It reminds me to be cautious for the time being in my ongoing program of feeding and encouraging the budding plants in my garden at home, not to set too much young growth going to be nipped by a sudden frost. So I redirect my energies (as do the plants) in biding out my time, and thinking what I can do undercover to prepare for the dawning spring.
In boxes somewhere, I’ve got seed potatoes and dahlia tubers who I’m sure would be glad of some attention. A tin box somewhere else holds seeds crying out to be sown in pots under glass – marigolds and helichrysums (or strawflowers – glorious annual flowers that resemble nothing so much as living jewels on tall green stems – and that deserve to be much better known), heleniums (or Sneezeweed, so I’m informed in some places) and Michaelmas daisies – promising peace and colour in the glow of summer.
How fare the seasons where you are? Is your garden underway? (Even in pots indoors – I need to find another Begonia rex, to complement the kalanchoes on the kitchen windowsill.) What do April showers portend in your own neck of the woods?
Published in Group Writing
I don’t go outside, so I have no idea what’s happening out there.
Very sensible. You never know, after all, just what kind of adventures one can end up getting swept off into. I tell you, it’s the last time I listen to a wizard who shows up and wishes me good morning. Well, almost the last time …
Your words are as lovely as the photos, Andrew. Just a beautiful way to begin my day. Thanks.
Oh, thank you very much. That’s a very nice thing to return to. And my pleasure.
Well, it’s 82 here today. We had snow less than a week ago, two days after another spell in the high 70s. It’s an impossible time of the year for gardening–dangerously unreliable for the plants, and very hard on the sinuses.
Still, I’ve got some seeds going, and some pots out with violas and pansies. Some roses and hellebores on order. But mostly I’m tidying up and mulching at the moment. Less fraught with anxiety about what will happen to my in-ground plants, and less to-ing and fro-ing with the pots, in and out, as the weather bounces from tropical to arctic.

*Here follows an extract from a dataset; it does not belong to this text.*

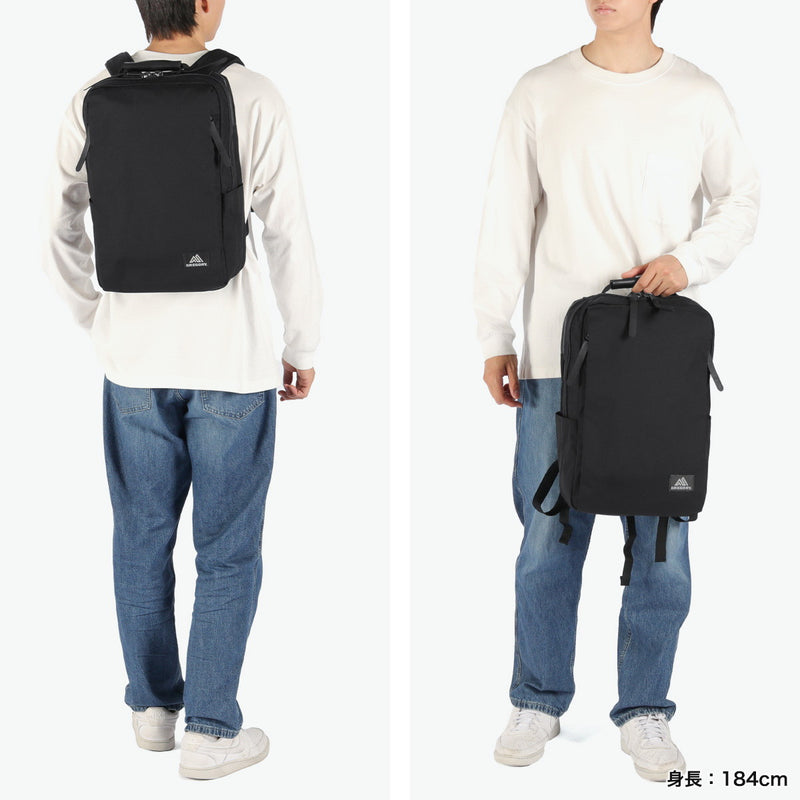 [Genuine Japanese product] Gregory backpack for men and women, commuting, school, GREGORY, stylish, 2-layer, large computer, A4, B4, business brand, commuting backpack, bag, daypack, pouch included, COVERT CLASSIC, simple business day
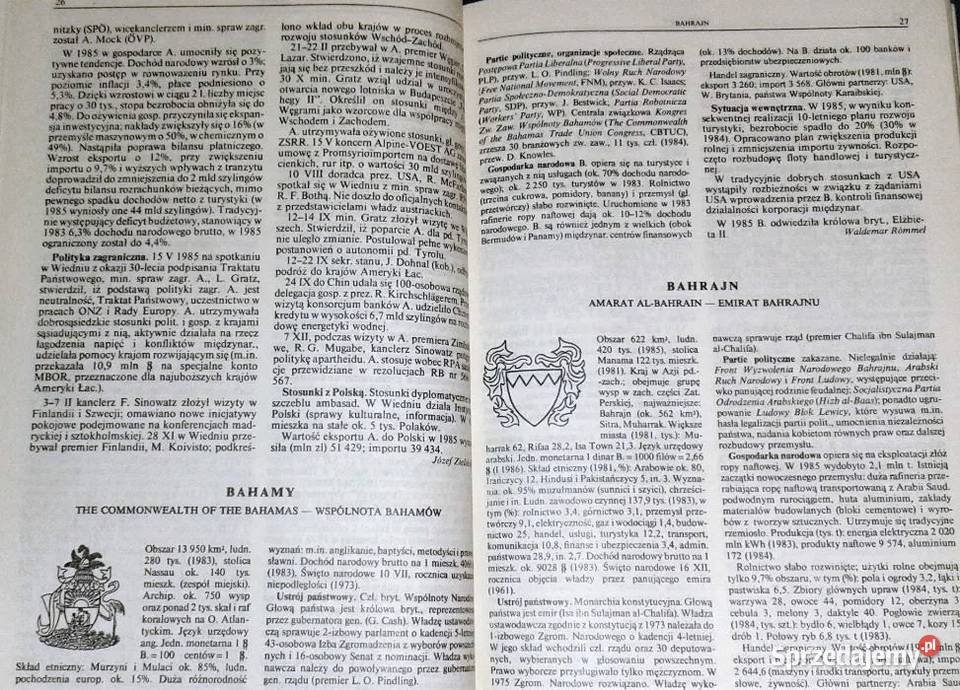 Encyklopedia świat w przekroju 198687 Janusz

The spring bulbs this year have been lovely, though. Spectacular crocuses, and daffodils, and the grape hyacinths are spreading nicely. Today, my first tulips opened. The winter aconite I planted two years ago has finally decided to assert itself, and showed up in a few spots, and I even had three (count ’em, three!) little snowdrops. I love the snowdrops so much, but they don’t grow well here.
82 in PA?? Warmer than Florida!
That sounds heavenly – crocuses, fragrant grape hyacinths, and daffodils – I’m in Fl but grew up in Pgh and none grow well here – I’ve tried. Even though I am in NW FL where it does get “chilly”, I did have daffodils one year. I miss these little snippets of spring emerging from the snow – along with the bright yellow forsythia and the lovely pussy willow. I almost bought a bunch – for sale in the grocery stores here, but contented myself to 2 pots of fragrant hyacinths for Easter – one purple – the other yellow. Still in bloom and fragrant. I also miss my absolute favorite of all time – the lilac!!

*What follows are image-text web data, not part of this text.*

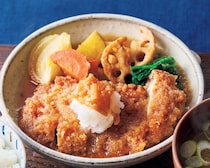 おうちで外食気分を満喫！行ったつもりのごちそうおかず「チキンカツおろし煮」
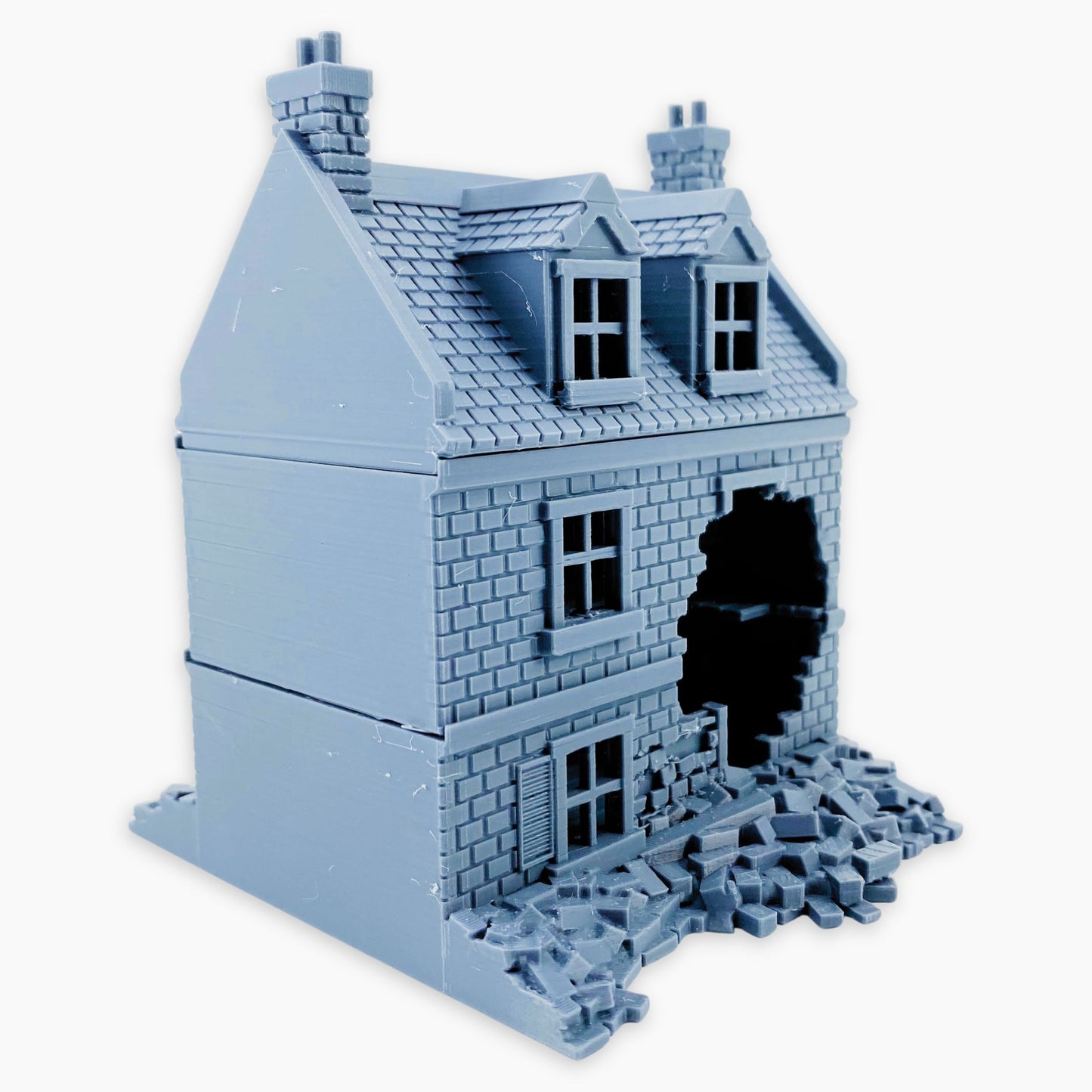 French Row House Ruins 1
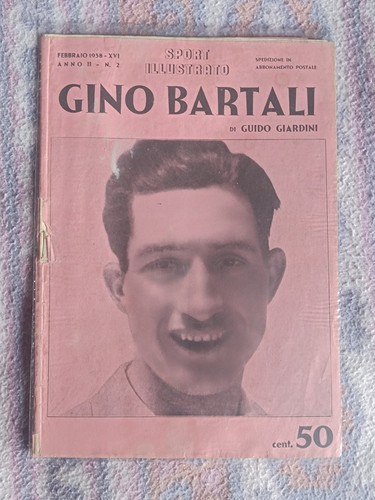 Gino bartali sport - bartali,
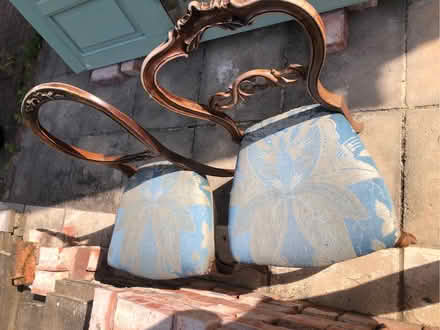 Photo of free Fabric seat chairs (Horsebridge SY5) #1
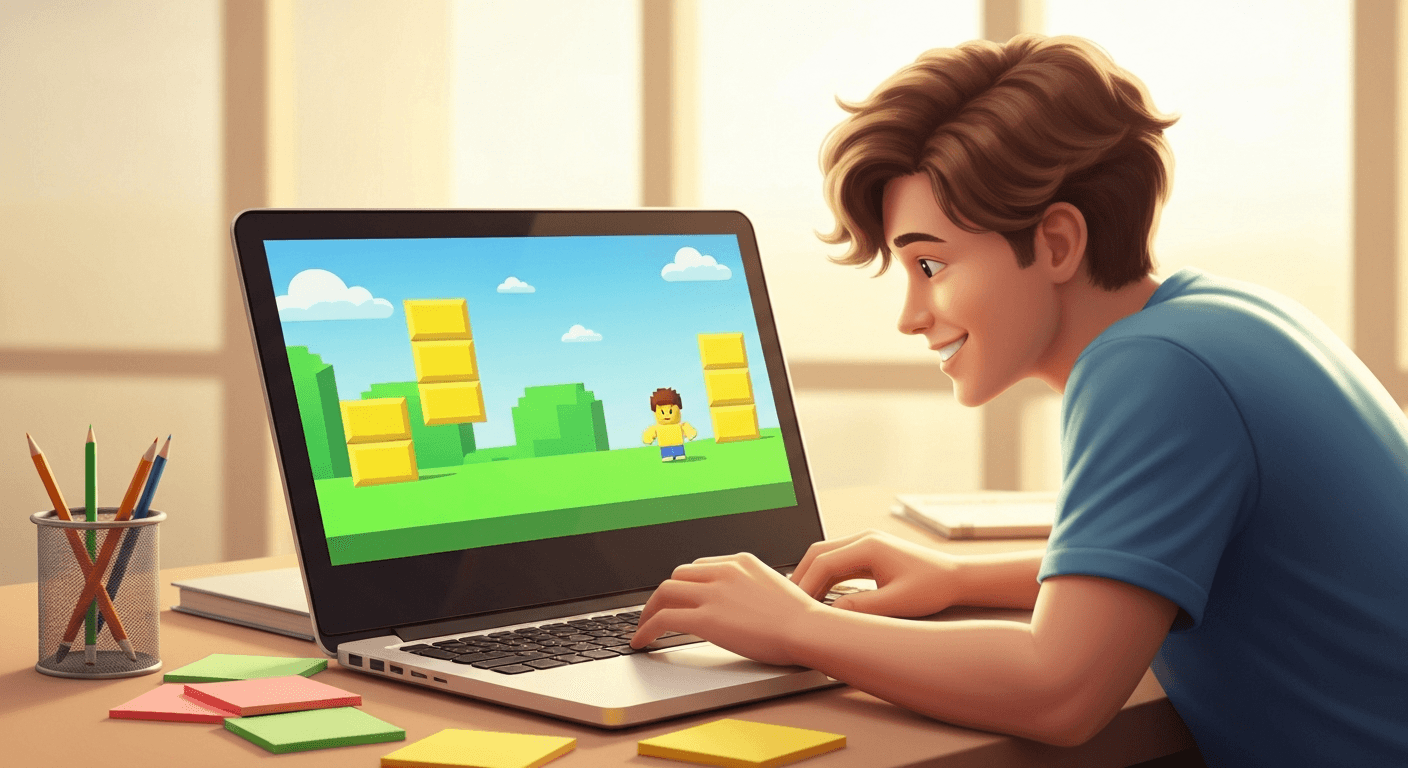 Easy Roblox Game Ideas for Beginners (No Coding Required)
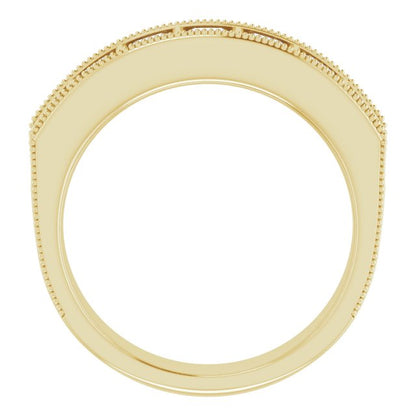 1 3/4 CTW Natural Diamond Band, 6 mm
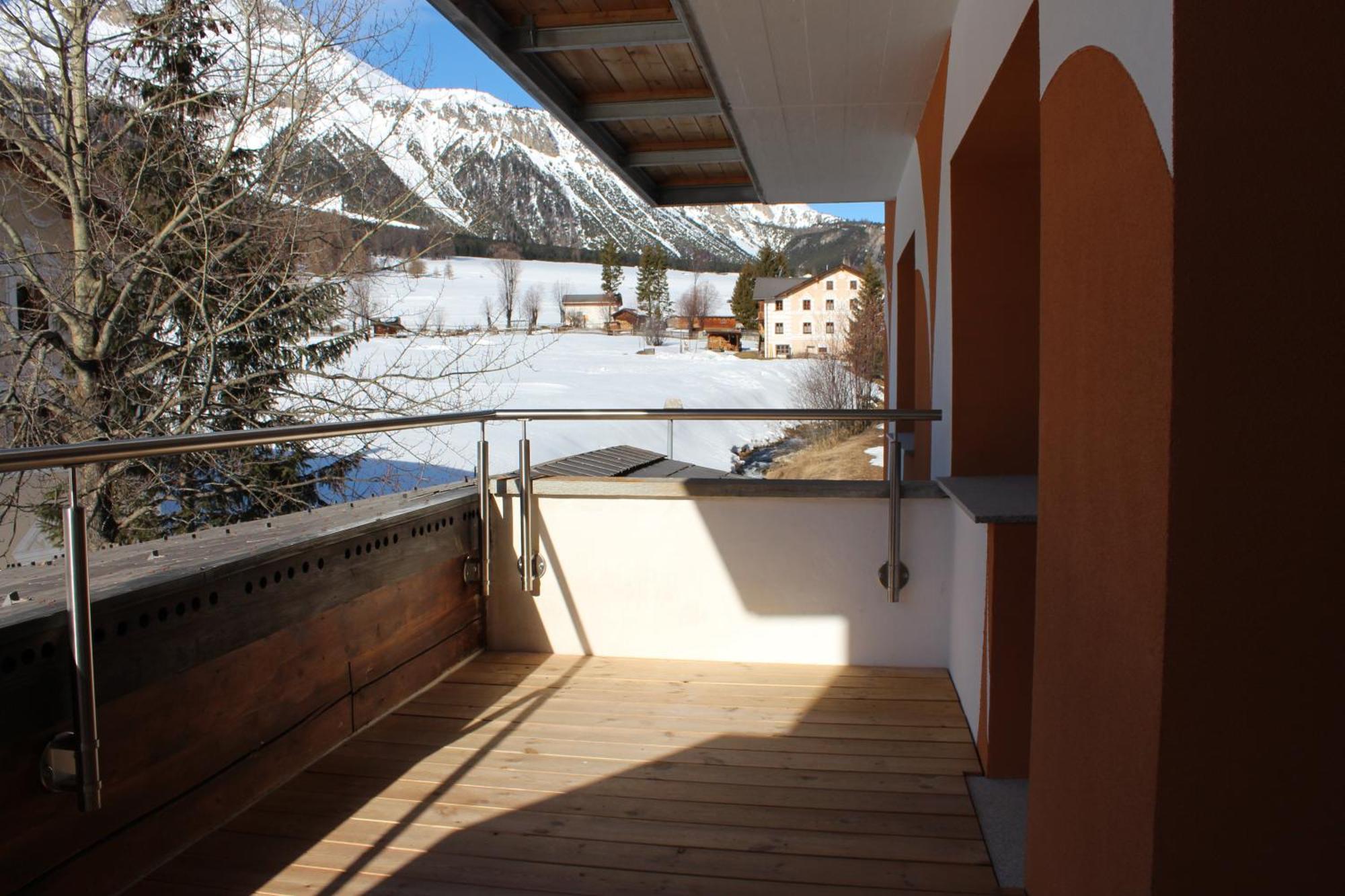 Hotel Al Rom Tschierv Habitación foto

I’ll post some pics of my garden later – :-)
I am hoping for my FIRST lilac blooms this year. I planted one in the fall of 2019, and had high hopes last Spring, but my fence let me down, the lambs got out, and they had an absolute feast on my roses and lilacs. It really messed up my garden for the year.
So far this year, fingers crossed, I’m winning….
Continental climates are extremists. I think the FBI will be monitoring.
As I recall, from back in the distant past, a blanket of snow would insulate the buds and new green growth, whilst a frost/hard freeze was to be guarded against with whatever we could put over the green stuff. These days, I just worry about forgetting to water as the temperature swings but the air stays desert dry.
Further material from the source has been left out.